Many of them can be staged, and are; I have seen stagings of Susanna, Samson and Belshazzar, among the “sacred” oratorios — not to mention the famous video of Peter Sellars’ Theodora and stagings of the “secular” oratorios, Semele and Hercules. Several of the sacred oratorios — notably Esther and Athalia, from Racine, and Hercules, from Sophocles — are based to varying degrees on actual stage plays. Too, Handel had written some two dozen operas before he turned to oratorio, propelled as much by poor management decisions in managing his Italian singers as by the English demand for musical entertainment in English — much as he missed the scenery and special effects, he saw no reason not to exploit his gifts for characterization and high drama, and much to add in the use of a chorus, which became affordable when he gave up scenery, costumes and ballet.
Athalia, his third sacred oratorio and the one, critics agree, where he broke stride into greatness, is the melodramatic tale of one of the Old Testament’s most unusual figures, the queen who usurped the throne of Judea, massacred the royal family (including her own children and grandchildren), and restored the worship of Baal to Jerusalem. After seven years, she was overthrown and slain by the one grandson who escaped the massacre. Although her reputation has been obscured by that of her mother, Jezebel, it’s a heck of a story, and Racine (modeling his tale on Greek tragedy) summed it up in one extraordinary day, as does Handel. (Sukkoth, apparently — the celebrations in the Temple are of a harvest festival.)
As presented at the newly refurbished Alice Tully Hall by the Concerto Köln, Athalia was almost restive in its concert chains, straining to get out and be a drama at every twist and turn. All the fine singers were acting, and Concerto Köln made the most of Handel’s various accompaniments: the slashing strings (one section after another), for example, as the renegade priest Mathan reflected on what was in store for him now that God had defeated Baal, or the recorders that attempted to console the restless, guilt-ridden Athalia. Rhythms were crisp and danceable, and the tension of the story never relaxed.
It takes some skill to chew scenery when there is no scenery, and Simone Kermes, as Athalia, had it down — you wouldn’t want to get in her way. She was in character the moment she walked in: hair dyed red to match her flouncy orange and yellow gown and gold platform pumps, eyes starting from her head, every movement expressing a woman of emotional extremes. She underlined every extravagant syllable with voice and gesture (words like “gore” and “horror” got special attention), and her fruity, Germanic vibrato shook the hall. She looked and sounded not of the same world as the other singers — unlike her, mostly British — as was only proper for this alien, sympathetic-repulsive figure, tragic in her resolve to face the collapse of all her schemes.
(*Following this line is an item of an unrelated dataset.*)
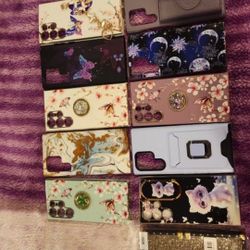 Galaxy S23 Plus Cases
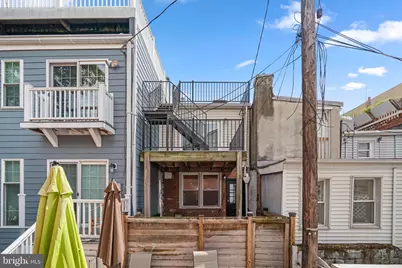 112 E Randall Street, Baltimore, MD 21230 - Photo 44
The contrast this made with Sarah Fox as the confident (but not untroubled) Josabeth, Athalia’s daughter who has secretly preserved the last prince of the royal house, could hardly have been greater. Fox has a huge, bright, vibrato-free, clarion sound with perfect attention to every little turn and grace note, the perfect instrument for Josabeth’s passionate convictions — she could be a young Sutherland, except that her diction is outstanding. Josabeth is Handel’s voice of the idealist who will triumph — his librettist omitted the prophecies of Judaea’s decadence in Racine, which didn’t suit the mood in Oxford in 1733. Johannette Zomer was charming in the small trouser (well, knicker) role of Prince Joas, given to a boy in Handel’s day.
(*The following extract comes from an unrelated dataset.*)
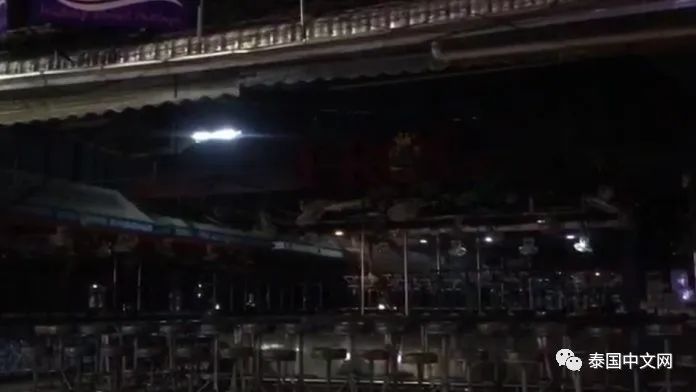 萧条成|疫情下的泰国：“不夜城”萧条，许多打工者失业后被迫流浪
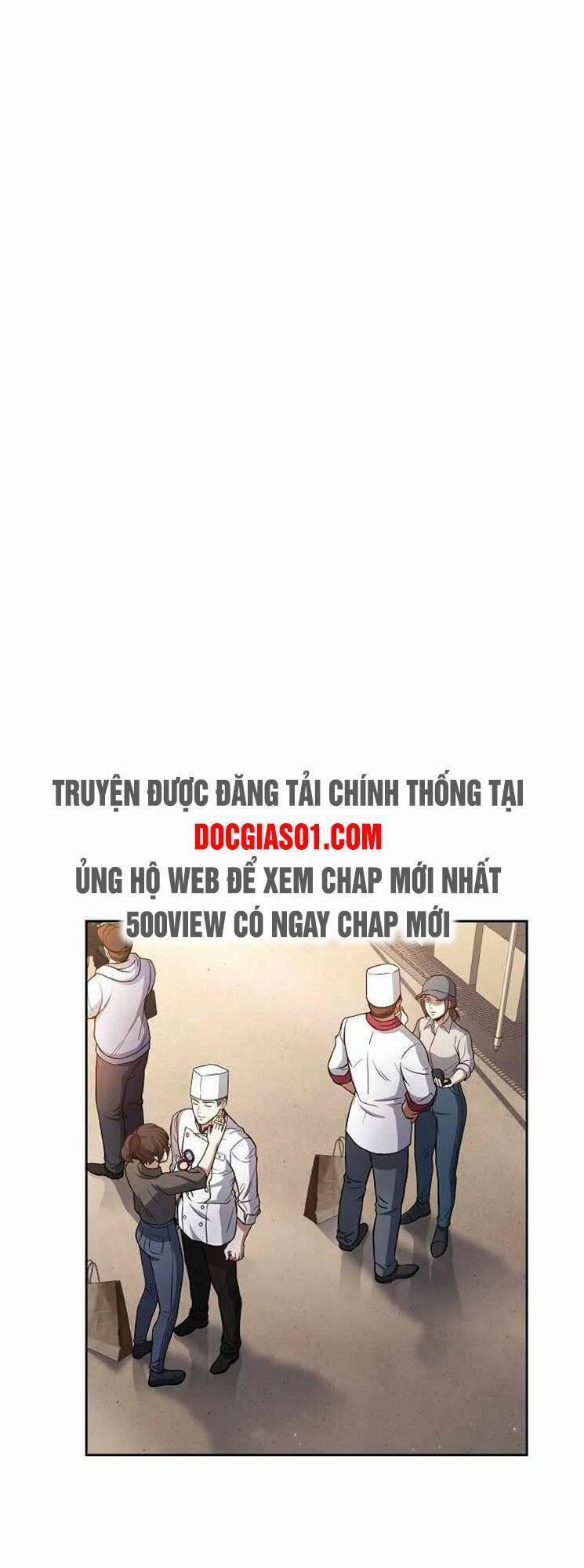 manhwax10.com - Truyện Manhwa Đầu Bếp Trẻ Nhất Tới Từ Khách Sạn Hạng Ba Chương 25 Trang 22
The men were not quite so exciting, so involved, as the women. James Gilchrist sang a thoughtful Mathan, humanizing the turncoat’s obsequiousness and despair just as Handel does. Iestyn Davies sang the role of the high priest, Joad, with confidence and lovely floating head tones, very much in the rather undemonstrative English countertenor tradition. Neal Davies sang Abner, one of Handel’s bass generals, such a joy, amid trumpets and drums, in the right throat — but though he hit all the notes, I found the notes themselves hollow, ill-supported, unresonant. His was the only second rate performance of the occasion, and he the only performer I would not be eager to hear again.
Two dozen is the maximum number I ever care to hear in a Handel chorus, no matter the size of the hall. The Balthasar Neumann Choir number twenty-five, but I forgive them, on account of the precision of their music-making and the subtle phrasing they impart to choruses of triumph, of prayer, of seductive luxury (when priests of Baal), of nuance to words like “groan” and “wound” — when Handel gets a word like that, he makes the music feel it, and the Neumann Choir made us feel it too.